Hallo ich bin noch ziemlich neu hier hab in der suche leider nicht das gefunden was ich suche jetzt wollte ich mal hier fragen ob mir jemand verschiedene Boili rezepte schicken kann und auch wie man sie zu bereitet das wer echt sehr freundlich ihr könnt mir die auch direkt auf meine email adresse schicken !!



Mfg steffen
steffen-gehder@web.de


----------



## fantazia (25. September 2006)

*AW: Rezepte für Boili herstellung*

hi,
hier findest du einige rezepte.


http://www.google.de/search?hl=de&sa=X&oi=spell&resnum=0&ct=result&cd=1&q=boilierezepte&spell=1


----------



## Siff-Cop (25. September 2006)

*AW: Rezepte für Boili herstellung*



SteffenG schrieb:


> ...............suche leider nicht das gefunden was ich suche jetzt wollte ich mal hier fragen ob mir jemand verschiedene Boili rezepte schicken kann und auch wie man sie zu bereitet ...............


 

Hallo und herzlich willkommen im AB


kann ich mir garnicht vorstellen hier gibts doch genug Rezepte|kopfkrat .

Was suchst du denn genau?

Ich kann Dir mal meinen einfachen Boiliemix beschreiben und wie ich sie dann herstelle: 

Kostet so 2,7€/kg Boilies 
Sardinenmehl (oder anderes Fischmehl) 30%
Maisgrieß 25%
Frolic(gemahlen) 20%
Maismehl 15%
Michlpulver(Kälberaufzuchttrockenmilch) 7%
Kanarienfutter 3%

pro Kilo Mix 10 Eier und 2-3El Öl(damits besser rollt),

Frolic mahlen, alles trockenen Bestandteile mixen Öl(und alle flüssigen Bestandteile) mit den Eiern mixen.

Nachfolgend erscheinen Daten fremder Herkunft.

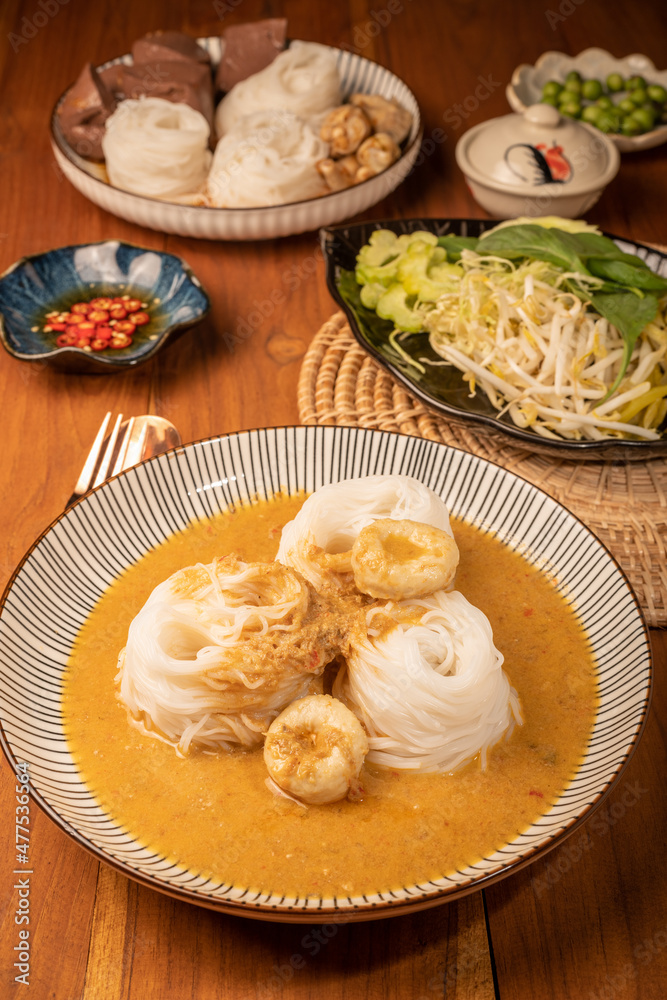 Rice noodles or Kkanomjeen namya krati in fish curry sauce with vegetables, Rice vermicelli with minced fishes and coconut milk in red curry.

Dann die Eier zu dem Trockenmix zufügen gut vermengen und kneten. Und den Teig etwas ziehen lassen.
Mit Fleischwolf(oder Teigspritze usw......) Würste rollen und mit nem Boilieroller die Kugeln drehen..................... Wenn du keinen Roller und /oder Spritze hast mußt du von Hand rollen, da wirst de dann auch ne Zeit für brauchen:q , aber einfach mal versuchen wirst dir dann bestimmt schnell nen Roller zulegen. Wenn du von Hand abrollst mach erstmal nur 1 Kilo Mix, zusammen mit den Eiern hast du dann ca 1,4kg Boilies das reicht dann fürs erstemal wirst sehen ist anstrengender als man denkt. vorallem von Hand.

Dann ca 3 -6 Minuten(je nach Durchmesser) in kochendes Wasser bis die Boilies oben schwimmen, diese dann abschöpfen und trocknen und ich friere sie dann ein. 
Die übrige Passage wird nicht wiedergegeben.